Syrie - Armes chimiques - Rapport de la mission d’établissement des faits de l’OIAC sur l’attaque de Khan Cheikhoun (30 juin 2017)

Nous saluons le rapport de la mission d’établissement des faits de l’organisation pour l’interdiction des armes chimiques (OIAC), paru hier.

Ce rapport conclut sans équivoque que du sarin, un neurotoxique de guerre, a été utilisé lors de l’attaque de Khan Cheikhoun le 4 avril, qui a fait plus de 80 morts et a blessé plus de 500 personnes.

Les conclusions du rapport sont incontestables, comme la rigueur des méthodes, l’indépendance de l’analyse et l’impartialité des membres de la mission d’établissement des faits. Elles sont fondées sur de nombreux échantillons biologiques et environnementaux, analysés par des laboratoires certifiés par l’OIAC.

La France avait elle-même présenté une évaluation nationale le 26 avril, dans laquelle nous avions conclu sans aucun doute possible, d’une part, à l’utilisation du sarin, qui vient d’être confirmé par la mission d’établissement des faits, et, d’autre part, à la responsabilité du régime. Ce dernier point relève désormais du travail du mécanisme d’enquête conjoint (JIM), dont nous nous félicitons qu’il ait activement repris ses travaux. Nous sommes confiants dans sa capacité à établir les responsabilités. Les auteurs des atrocités de Khan Cheikhoun et des autres attaques chimiques devront répondre de leurs actes criminels devant la justice.

Le rapport de la mission d’établissement des faits confirme l’inquiétante banalisation d’emploi d’armes chimiques en Syrie, qui constitue un défi sans précédent au régime de non-prolifération. L’OIAC et ses membres doivent prendre leurs responsabilités et condamner, de la manière la plus ferme, cette violation intolérable du régime de non-prolifération.

La position du président de la République en cas d’utilisation documentée d’armes chimiques a été extrêmement claire.

Q - Le ministre a indiqué hier dans son interview au journal Le Monde que la France devait travailler avec la Russie sur quatre principes, notamment l’interdiction totale de l’usage des armes chimiques. Concrètement, quelles pistes envisagez-vous pour faire respecter par Damas l’accord de 2013 sur le démantèlement de son arsenal ?

R - Comme le président de la République l’a annoncé, la France fait de l’emploi et de la fabrication d’armes chimiques en Syrie une ligne rouge et n’hésitera pas à procéder à des représailles en cas d’attaque chimique documentée. Nous souhaitons à cet égard la mise en œuvre complète de la résolution 2118 du Conseil de sécurité des Nations unies, qui prévoit le démantèlement intégral de l’arsenal chimique du régime syrien. L’attaque chimique de Khan Cheikhoun montre que le régime de Damas ne se conforme toujours pas à ses obligations internationales, comme l’a signalé l’évaluation nationale présentée par la France le 26 juin.

Ce sujet constitue une priorité de notre dialogue avec les Russes ; nous entendons le poursuivre.
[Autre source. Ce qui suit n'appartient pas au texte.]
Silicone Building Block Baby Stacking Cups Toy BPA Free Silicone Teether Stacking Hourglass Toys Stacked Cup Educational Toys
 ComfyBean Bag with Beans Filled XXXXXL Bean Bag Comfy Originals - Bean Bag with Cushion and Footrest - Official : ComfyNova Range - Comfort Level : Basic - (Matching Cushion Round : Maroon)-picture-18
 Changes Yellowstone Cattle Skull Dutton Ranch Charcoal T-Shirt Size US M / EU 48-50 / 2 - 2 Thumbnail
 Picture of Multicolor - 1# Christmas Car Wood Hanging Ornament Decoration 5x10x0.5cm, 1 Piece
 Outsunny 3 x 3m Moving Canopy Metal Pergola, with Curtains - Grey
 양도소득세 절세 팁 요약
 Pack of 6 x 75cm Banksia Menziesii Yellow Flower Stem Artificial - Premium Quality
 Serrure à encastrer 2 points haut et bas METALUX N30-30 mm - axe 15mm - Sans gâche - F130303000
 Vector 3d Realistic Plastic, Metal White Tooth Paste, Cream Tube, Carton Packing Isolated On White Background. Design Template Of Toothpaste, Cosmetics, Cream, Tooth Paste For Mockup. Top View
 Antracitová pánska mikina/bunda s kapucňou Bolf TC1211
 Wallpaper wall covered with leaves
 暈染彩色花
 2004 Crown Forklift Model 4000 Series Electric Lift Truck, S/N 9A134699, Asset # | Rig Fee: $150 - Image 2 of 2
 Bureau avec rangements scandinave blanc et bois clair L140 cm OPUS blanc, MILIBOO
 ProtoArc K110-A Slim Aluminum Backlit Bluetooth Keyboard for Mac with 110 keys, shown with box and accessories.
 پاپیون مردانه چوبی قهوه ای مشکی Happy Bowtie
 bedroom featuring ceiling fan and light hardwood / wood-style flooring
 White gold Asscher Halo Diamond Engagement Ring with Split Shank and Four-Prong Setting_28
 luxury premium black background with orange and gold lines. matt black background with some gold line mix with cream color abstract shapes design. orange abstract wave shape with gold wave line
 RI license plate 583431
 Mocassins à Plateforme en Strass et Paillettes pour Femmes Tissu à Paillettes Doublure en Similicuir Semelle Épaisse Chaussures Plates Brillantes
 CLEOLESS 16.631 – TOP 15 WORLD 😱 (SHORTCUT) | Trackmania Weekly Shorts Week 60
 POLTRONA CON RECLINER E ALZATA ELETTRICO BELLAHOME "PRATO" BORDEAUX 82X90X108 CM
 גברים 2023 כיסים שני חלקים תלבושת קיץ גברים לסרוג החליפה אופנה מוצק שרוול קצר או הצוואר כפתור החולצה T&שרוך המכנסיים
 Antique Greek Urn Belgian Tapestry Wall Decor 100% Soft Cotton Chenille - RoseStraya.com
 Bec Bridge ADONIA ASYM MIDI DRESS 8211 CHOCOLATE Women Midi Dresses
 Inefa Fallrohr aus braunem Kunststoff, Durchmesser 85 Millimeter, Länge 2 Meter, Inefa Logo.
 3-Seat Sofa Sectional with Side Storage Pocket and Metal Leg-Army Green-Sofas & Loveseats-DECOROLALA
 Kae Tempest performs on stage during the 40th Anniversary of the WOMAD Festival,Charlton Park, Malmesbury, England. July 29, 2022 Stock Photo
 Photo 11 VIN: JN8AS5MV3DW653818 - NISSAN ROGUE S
Nous nous coordonnons aussi étroitement avec les Américains à ce sujet. La France continuera de compter sur les mécanismes existants des Nations unies et de l’organisation pour l’interdiction des armes chimiques (équipe d’évaluation de la déclaration, mission d’établissement des faits, mécanisme conjoint d’investigation) dans cette perspective.

Le régime international de non-prolifération des armes chimiques, dont la convention sur l’interdiction des armes chimiques (CIAC) qui interdit la mise au point, la fabrication, le stockage et l’emploi de telles armes est la pierre angulaire, doit à tout prix être préservé. Il s’agit d’un enjeu essentiel pour la paix et la sécurité internationales.